- [Exercise requirements]:
Your answer should hold exactly the lines below from the line with "960 Kern Ct, Livermore, CA 94551" through the line with "McDonald, PA 15057", both included, and no pictures at all.

- [Material provided]:
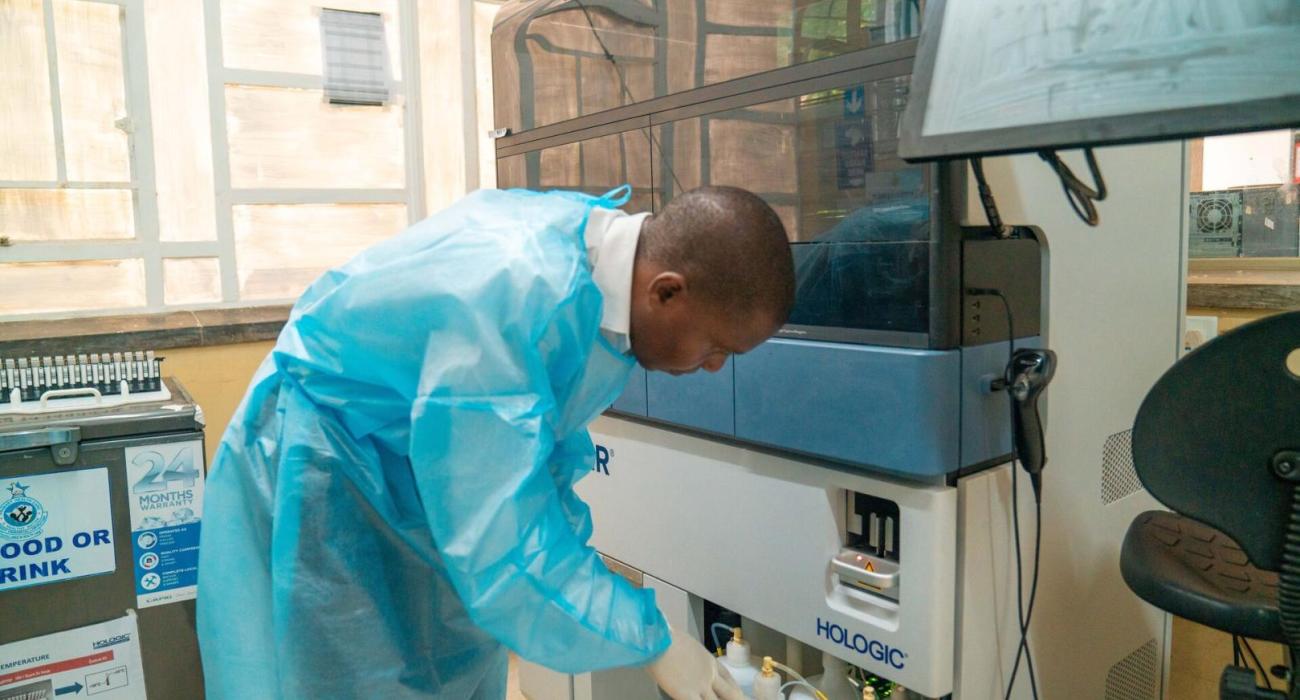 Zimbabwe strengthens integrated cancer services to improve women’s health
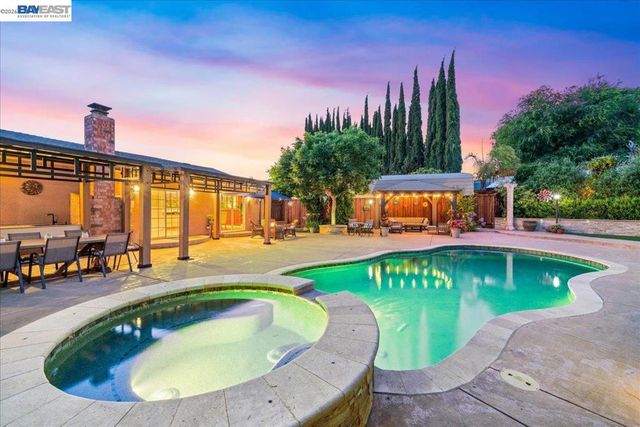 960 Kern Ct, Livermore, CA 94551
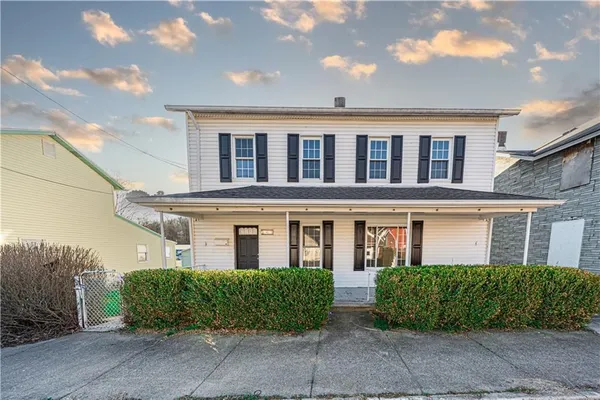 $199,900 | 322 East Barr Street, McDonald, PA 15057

--

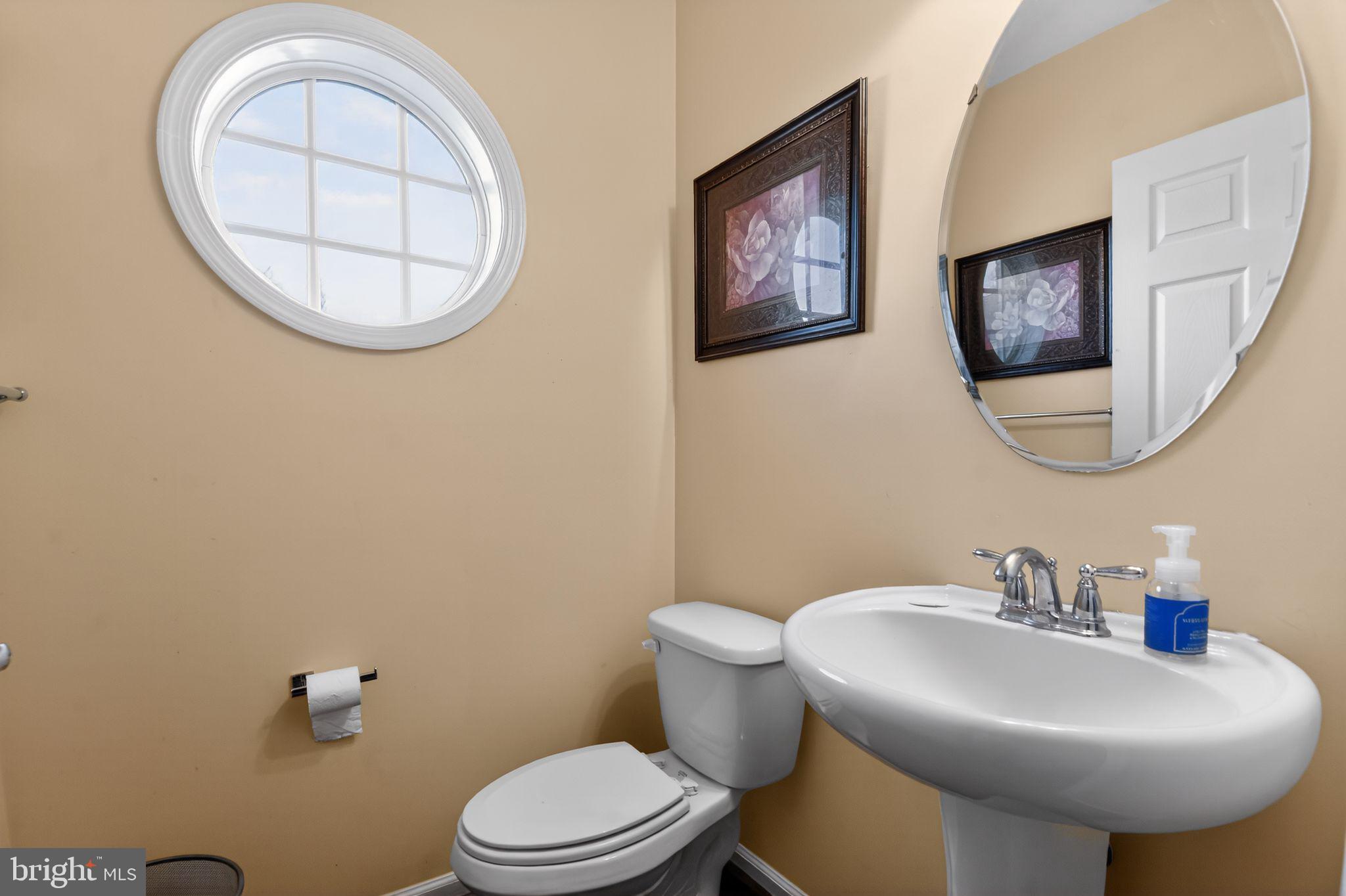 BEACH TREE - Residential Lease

...

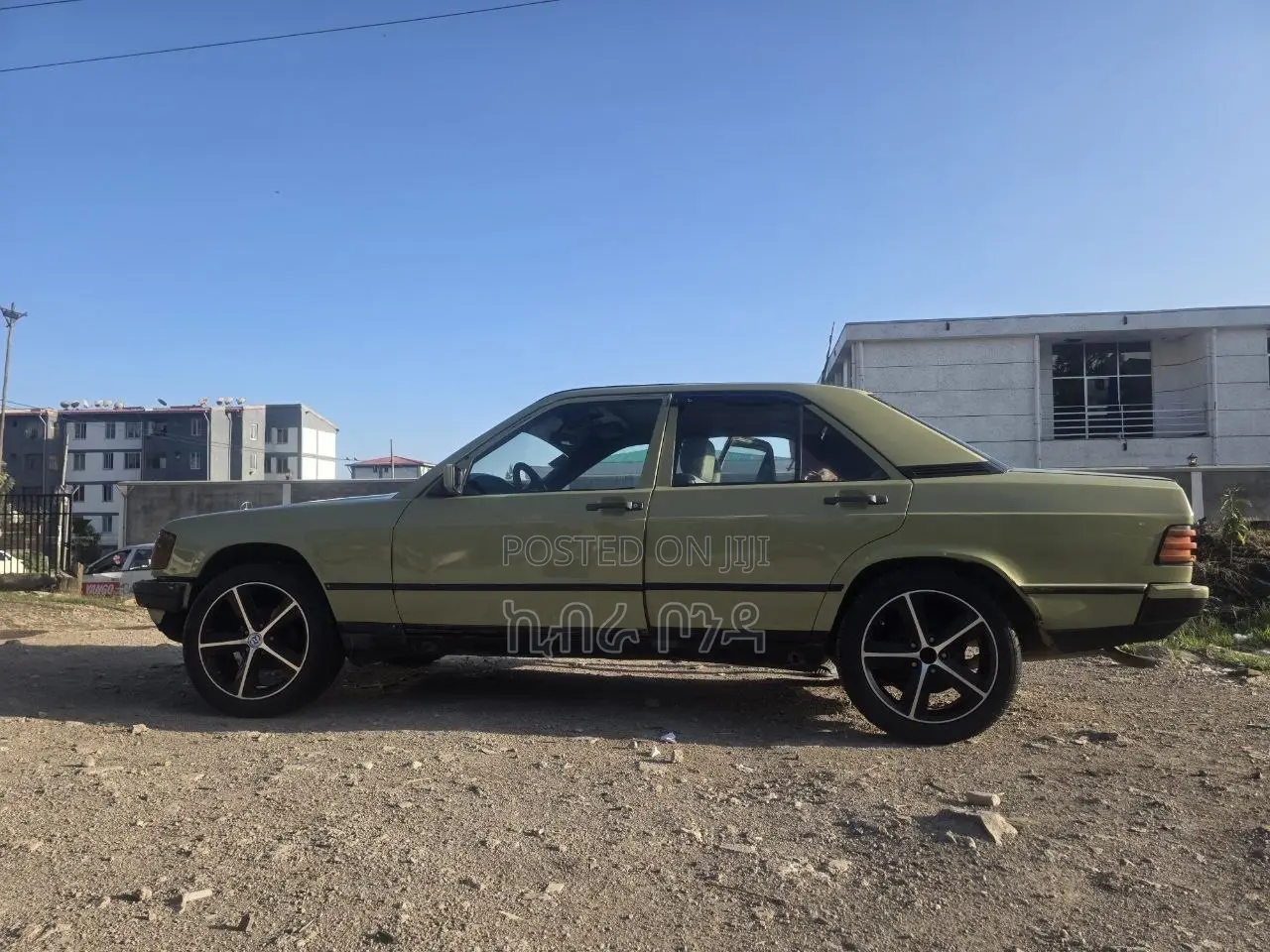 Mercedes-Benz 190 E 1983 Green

- [Task response]:
 960 Kern Ct, Livermore, CA 94551
 $199,900 | 322 East Barr Street, McDonald, PA 15057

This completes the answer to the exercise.